TrackMe: Food Intolerance Discovery App
TrackMe is a tool to help people discover which foods worsen their symptoms. By analyzing their eating habits, users can refer to TrackMe to manage their diet, avoid trigger foods, and coordinate with their doctors.
WHAT’S THE OVERARCHING ISSUE?
Identifying Problem Space
Because of the sex-gender differences that are shown in a diversity of physiological and psychological factors, it can be inferred that the clinical presentation of symptoms as well as treatment strategies in females and males may differ. However, women are underrepresented in most relevant clinical trials. This leads to an unintentional gender bias in health care.
NARROWING DOWN PROJECT SCOPE
My goal in this project is to advocate for a more sex-gender-orientated approach in medical care setting. Such a change could improve cisgender patient care for gender-specific diseases. The pathophysiology of IBS (irritable bowel syndrome) is multifactorial with sex-gender factors seeming to play important roles. Because IBS patient care is for the most part sex-blind, I am designing an individualized patient experience which factors in sex and gender issues.
- What is IBS exactly? What system is already in place for IBS patients post-diagnosis?
- Why are females with IBS more often readmitted than males with IBS?
- Does an implicit gender bias truly exist in US healthcare? If so, why? What is being done to remedy it?
- 3 IBS Patients; 2 female, 1 male
- 2 Transition Care (TC) Nurses
- 1 Nurse Practitioner
Several studies showed that women receive IBS diagnoses more often than men do. While some symptoms are the same for males and females, a few are exclusive to or more prominent in women, likely due to female sex hormones.
Irritable bowel syndrome (IBS) is a chronic digestive disorder that affects the large intestine.
While anyone can develop IBS, the condition is more common in women, affecting from 1.5 to 3 times more females than males.
It is a disease that could only be maintained but not cured. Having this disease means that patient need to adopt a major lifestyle shift (especially eating) for the rest of his life. Most patients find it difficult to fully embrace the situation directly. Additionally, the patients need to fundamentally change their eating style. It is a great challenge in between behavior change and learning. As a result, it is a place worth exploring.
From interviewing patients diagnosed with IBS, I’ve learned that there is a long phase of self-discovery.

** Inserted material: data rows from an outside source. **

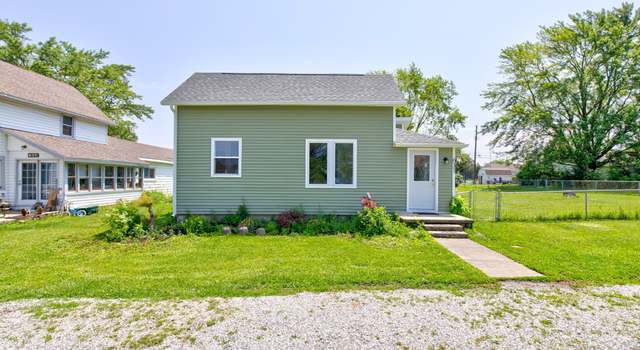 Photo of 631 N Hickory St, Dunkirk, IN 47336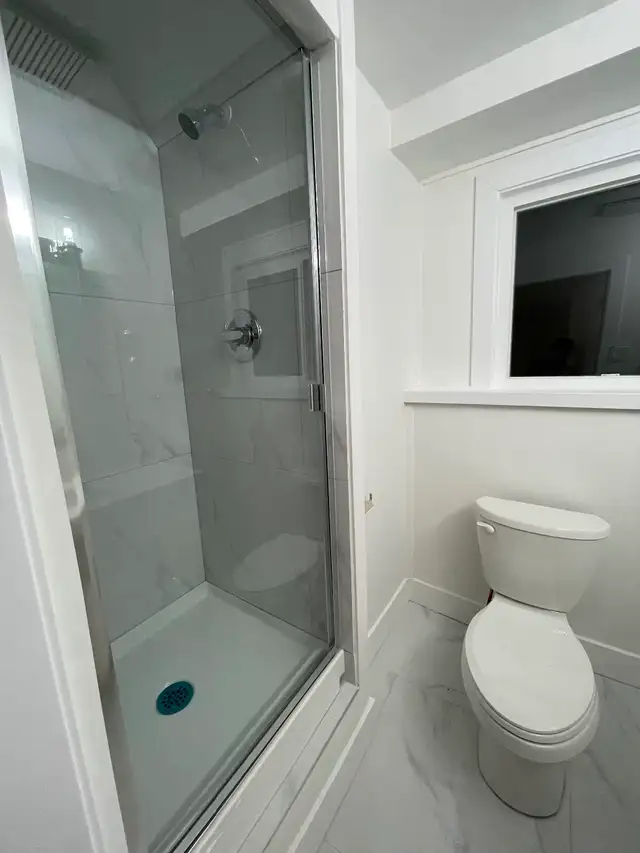 Private furnished room for rent near Braid Station bus 128, 155, - Photo 4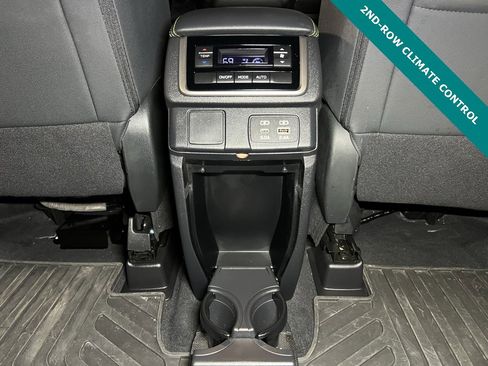 Used 2023 Subaru Ascent Onyx Edition image 12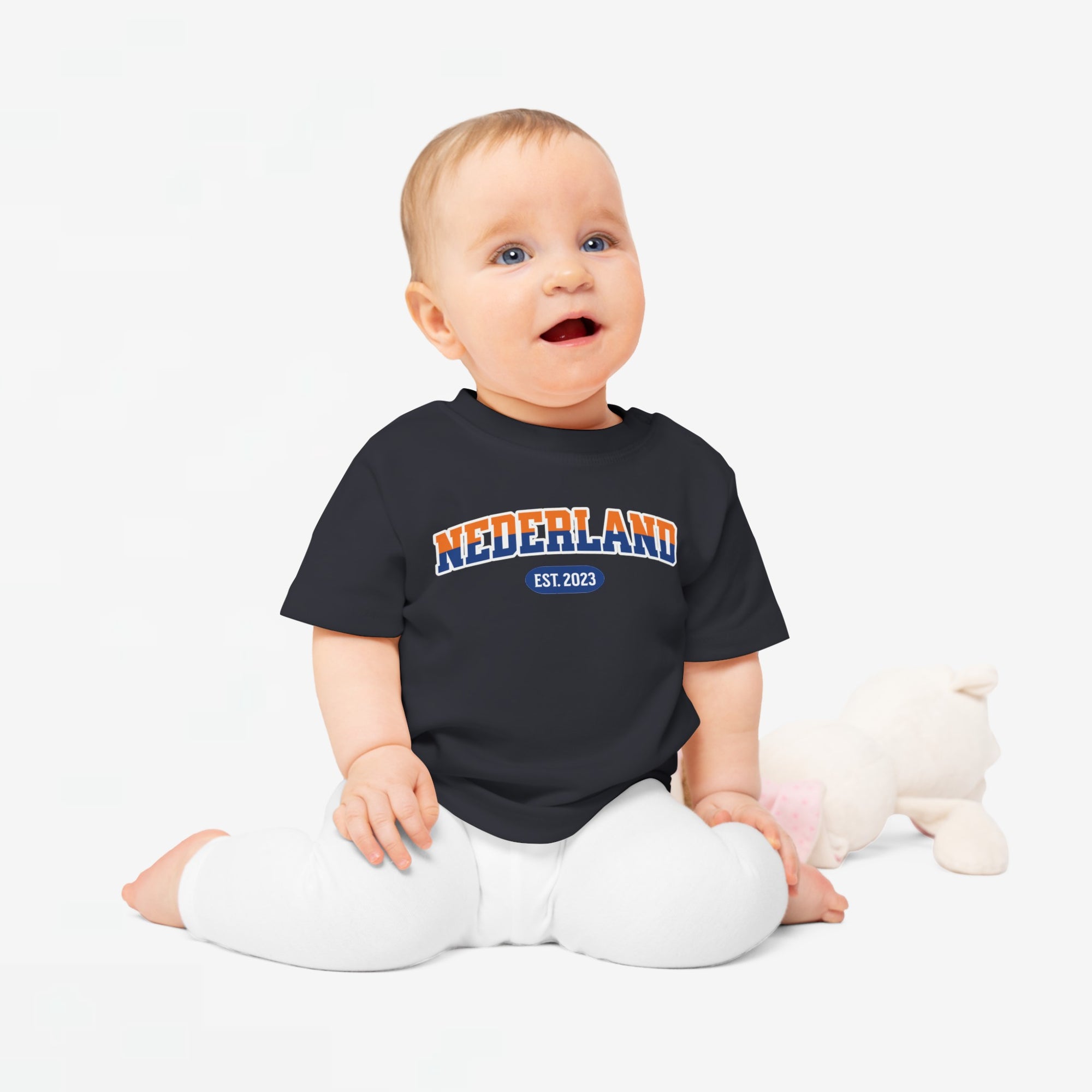 Baby T-shirt voor EK, WK en Koningsdag - Personaliseer met Naam, Jaar & Rugnummer - NEDERLAND (oranje en blauwe tekst)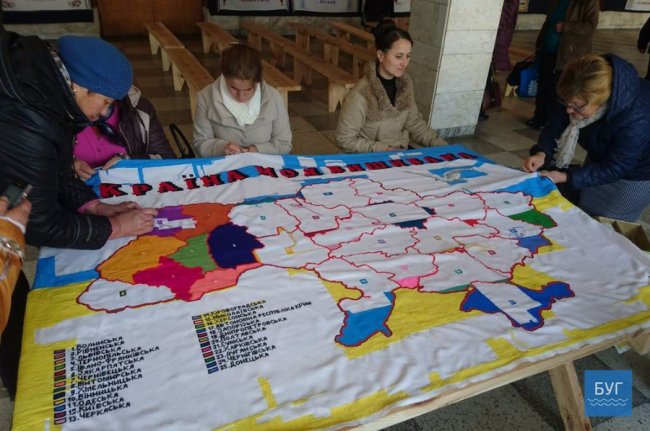 У Володимирі вишивали карту України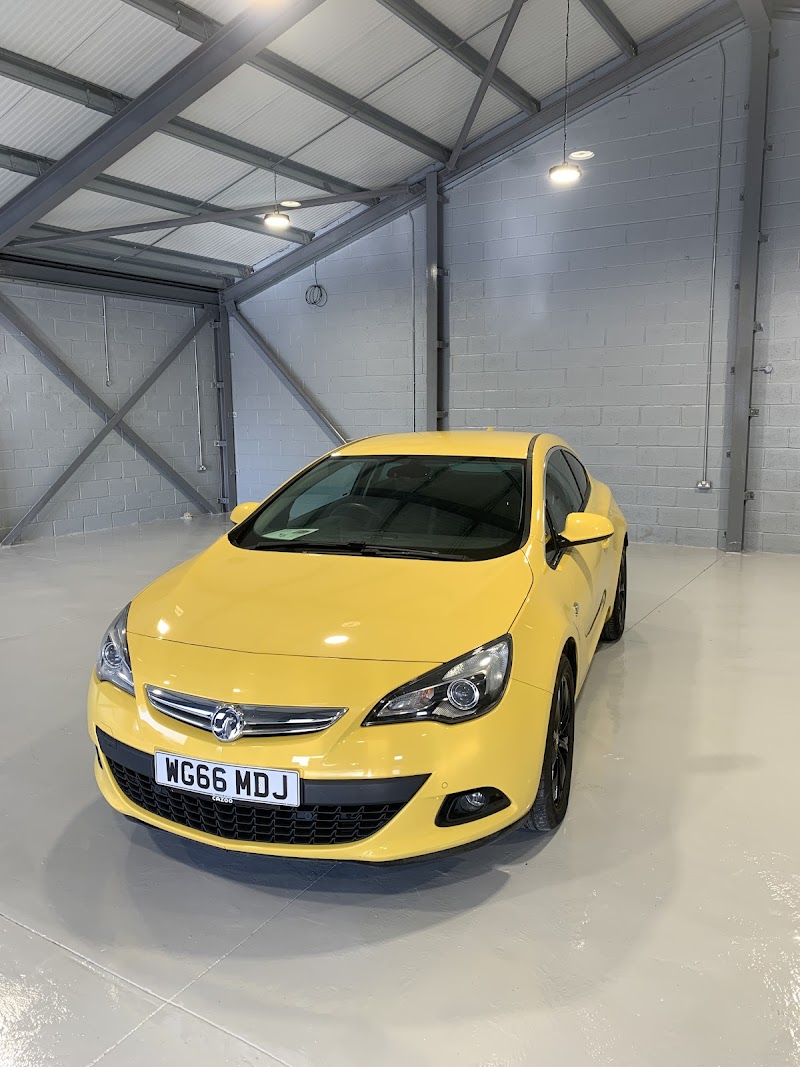 D L Y AUTO CARS LTD photo 2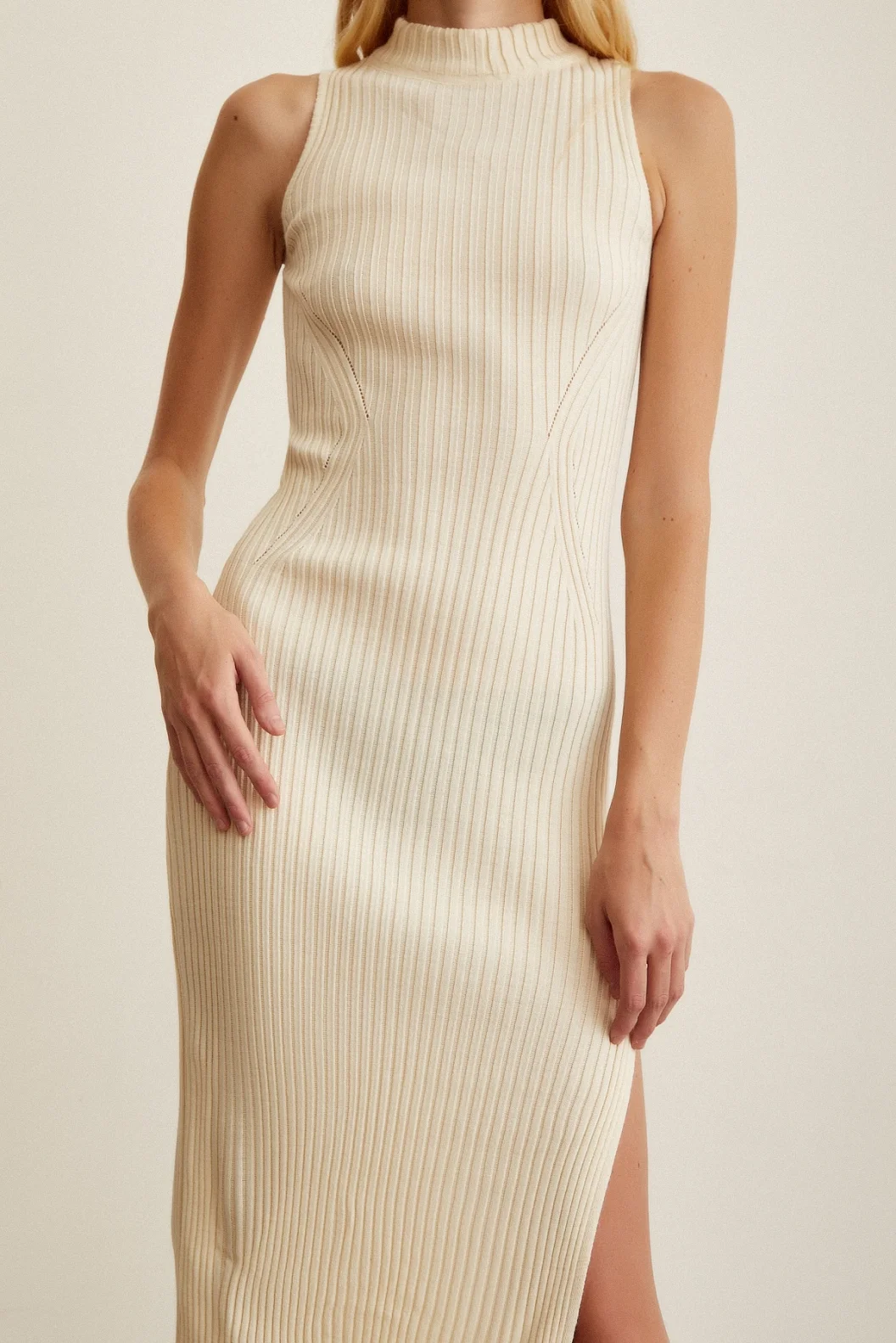 Zero Sleeve Slit Ribbed Dress Ecru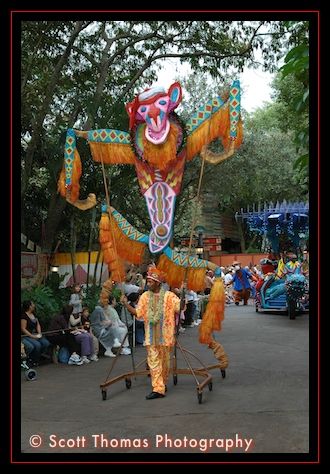 Jammin' Jungle Parade at Animal Kingdom is the best parade ever!!!! Parade Puppets, Foam Costume, Homecoming Floats, Monkey Puppet, Disney Parade, Play Props, South American Art, Disney Movies To Watch, Puppet Theatre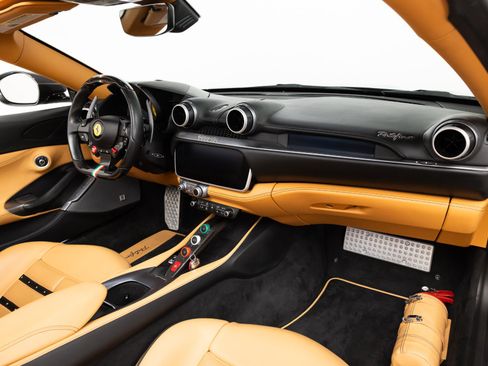 Used 2019 Ferrari Portofino RWD image 66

There is no one list of foods to avoid for everyone diagnosed with IBS. I divided the patient’s experience into 5 phases from before knowing the disorder to becoming used to managing it.
HASHING OUT IDEAS
I explored 3 different solutions. Although I did not end up going through with options 1 and 2, learning why these would not be as effective helped inform my design decisions for option 3. Here are some of my initial ideas:
1. Flashcards for doctors treating IBS to learn about the differences between male and female symptoms.
2. AI chatbot that answers Q&A for newly diagnosed patients
3. Food Tracker + Visual Symptom Analysis app.
LO-FI PROTOTYPE & USER TESTS
I reconnected with my interviewees to test the wireframes. I used paper prototypes and jotted down notes after watching them run through the prototype:
- History of symptoms should be labelled as length of days and years
- Compartmentalize the body: upper region, mid region and lower region. A patient would want to see both the doctors notes on the same page.
- It’s good to have the interaction. Now you begin to visually represent it. Even for inputs. Do not wait until the interaction is finished to start working on the brand/visual style.
- It needs to be clearer on the Progress Tab that you can enter the time frame on the top as an input.
- Severity should be represented by both color and scale.
- Make sure that the visual style conveys urgency in a friendly way.
- Find a way to tell the user that this is a tool to help you get better, but it needs the patient to take responsibility by documenting their progress.
- It makes more sense to put Plan as the second tab and Progress as the third, because Progress requires data input from the Plan tab.
At this point, I created the high fi wireframes after reviewing the confusion points in the low fi wireframes. I used Sketch and Illustrator to refine the visual style. I wanted to strike a balance between a serious topic and a friendly user interface.
I found that one of the most frustrating parts of this disease is that it affects everyone differently. I’ve learned from my interviews that each patient has to undergo a self discovery process of what they can and cannot do to manage their symptoms. This is further supported by this article, written by an author who has dealt with the disease for years.
It’s good that this app is providing patients with a visual cue, especially if no other apps have done this. Visually compartmentalize the female body better horizontally. Consider having patients use this proactively. Useful in cases where the symptoms are managed for months but then have a sudden flare up. Let my audience know that this portion of the app is focusing on cisgender females of a certain age bracket.
FUTURE WORK & REFLECTION
How to Make Things Better
IBS affects quality of life, but it can be managed. The long range about gender bias is something this app connects to. Operating from this standpoint today illustrates gaps in understanding. Whats the novel way to communicate to yourself and to doctors? This project is pointing at gender bias. This comes from designing an experience that should be tailored for all gender patients. TrackMe aims to close the gap between doctor interpretation and female experience. Women are treated as smaller men in too many medical settings.